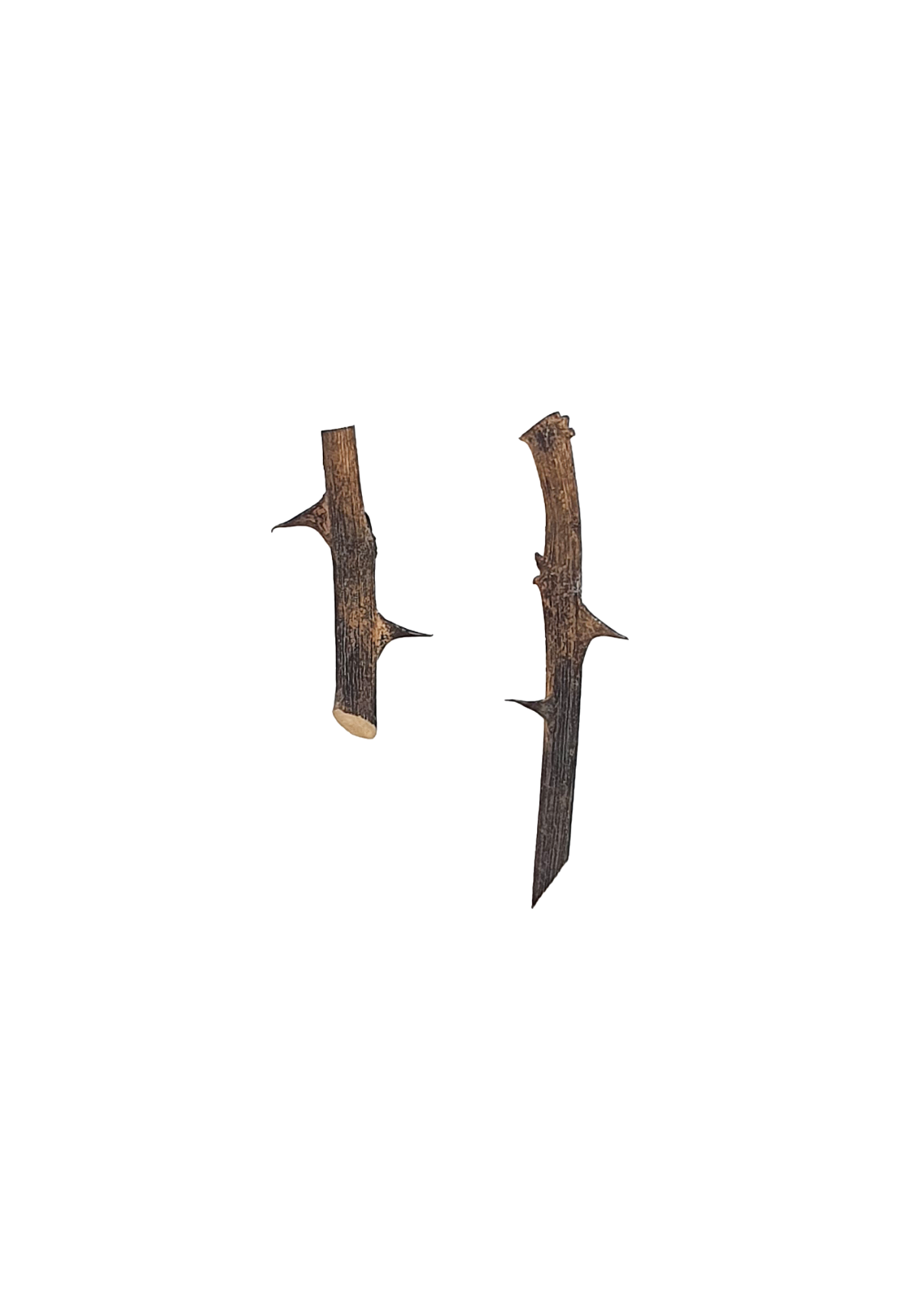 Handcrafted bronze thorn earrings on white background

......

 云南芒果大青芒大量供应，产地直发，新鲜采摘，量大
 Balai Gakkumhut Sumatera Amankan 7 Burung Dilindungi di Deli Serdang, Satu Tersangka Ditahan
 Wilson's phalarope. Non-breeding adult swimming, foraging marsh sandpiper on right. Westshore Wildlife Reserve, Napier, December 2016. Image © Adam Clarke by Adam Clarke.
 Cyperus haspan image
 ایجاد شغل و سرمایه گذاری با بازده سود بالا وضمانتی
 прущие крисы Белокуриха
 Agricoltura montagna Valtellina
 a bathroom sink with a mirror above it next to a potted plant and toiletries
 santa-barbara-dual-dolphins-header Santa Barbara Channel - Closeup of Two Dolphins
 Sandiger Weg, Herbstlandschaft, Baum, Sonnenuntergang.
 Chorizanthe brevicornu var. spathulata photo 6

......

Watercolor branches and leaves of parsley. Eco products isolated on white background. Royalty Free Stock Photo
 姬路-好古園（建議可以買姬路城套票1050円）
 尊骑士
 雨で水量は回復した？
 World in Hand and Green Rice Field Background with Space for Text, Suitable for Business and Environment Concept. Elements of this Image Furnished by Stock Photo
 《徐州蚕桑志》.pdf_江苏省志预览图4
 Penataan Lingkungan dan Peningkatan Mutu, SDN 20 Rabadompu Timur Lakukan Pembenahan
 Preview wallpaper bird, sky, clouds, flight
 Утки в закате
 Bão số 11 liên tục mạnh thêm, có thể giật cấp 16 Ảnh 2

......

▸ Task directions
All lines in the listing above with the string "Stock" should be returned.

▸ Task solution
Watercolor branches and leaves of parsley. Eco products isolated on white background. Royalty Free Stock Photo
 World in Hand and Green Rice Field Background with Space for Text, Suitable for Business and Environment Concept. Elements of this Image Furnished by Stock Photo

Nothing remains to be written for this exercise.